Через два года после злополучного Фестиваля молодежи по Москве прокатилась вторая волна гонений на проституток. И снова политическая. Хрущев, находившийся в это время в большой силе, проводил серию социальных преобразований, которые должны были, как тогда писали и говорили, в короткий срок сделать страну процветающей, а граждан — счастливыми. Хрущев не скупился на посулы. Он провозгласил даже в 1962 году, что „нынешнее поколение советских людей будет жить при коммунизме”. Не желая отставать от вождя, его окружение также порождало всякого рода социальные прожекты. В частности, друг Хрущева, член ЦК Екатерина Фурцева, занимавшая в 1959 году пост первого секретаря Московского областного комитета партии, обещала в считанные месяцы оздоровить духовную и моральную обстановку в столице. В рамках этой программы она приказала провести в городе массовые облавы на проституток (число их после Фестиваля, очевидно, не слишком убавилось), а захваченных доставлять к ней в кабинет для беседы. В ту политико-романтическую пору предполагалось, очевидно, что беседа с Фурцевой (с самой Фурцевой!) приведет этих цадших ангелов к раскаянию и к началу новой, честной жизни.

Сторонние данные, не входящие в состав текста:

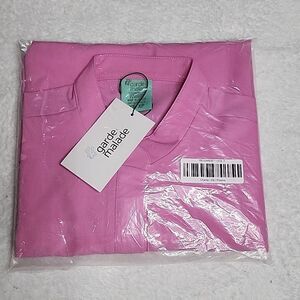 2669 NWT CHARLIE RE-GARDE Mandarine Collar Scrub Top Size XS Color Pivoine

Но Екатерина Алексеевна не рассчитала ни количества, ни качества того человеческого материала, который ей предстояло облагородить своим партийным словом. Вместо десяти-пятнадцати заблудших милиция предложила члену ЦК и первому секретарю обкома партии выбор из нескольких сот девиц. Две или три такие встречи в кабинете Фурцевой, действительно, произошли. В газетах об этом не было, разумеется, ни слова. И вообще, вся акция окружена была глубокой тайной. Однако в кругах московской интеллигенции вскоре стало известно о глубоком разочаровании, которое испытала Екатерина Алексеевна от этих встреч. Почему, каким образом девушка становится проституткой в СССР? В ответ на этот вопрос Фурцева выслушала десяток рассказов о такой безнадежной нищете, о таких ужасах жизни четырех-пяти детей в одной комнате с пьяницей отцом и замордованной уборщицей матерью, что даже она, выходец из рабочей семьи, в пропитом ткачиха, смутилась. Ее собеседницы шли торговать собой, отработав смену в заводском цехе или в конторе, чтобы прокормить детей[98].

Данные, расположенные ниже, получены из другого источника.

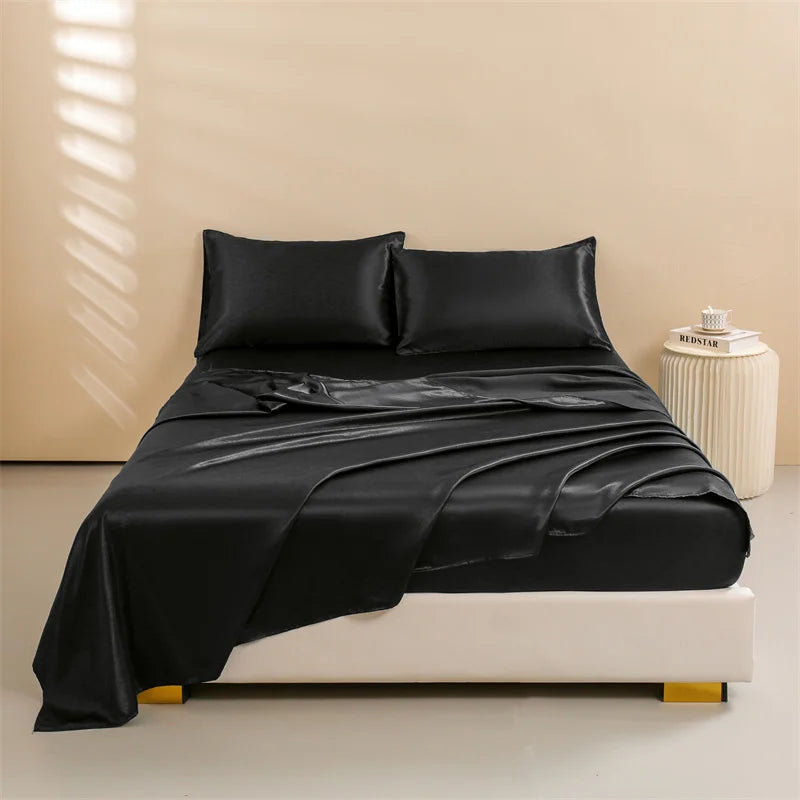 Satin Bed Sheets, Set 1 Deep Pocket Fitted Sheet + 1 Flat Sheet + 2 Pillowcases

А для других проституция оказалась единственным средством как-то выкарабкаться из материального убожества. Выход на панель помог даже некоторым девушкам получить образование в институтах и техникумах… Прямым следствием „встреч на высшем уровне” явилось то, что московская милиция по приказу сверху прекратила массовые облавы. Задерживать стали только девушек, действующих в центре города слишком бесцеремонно.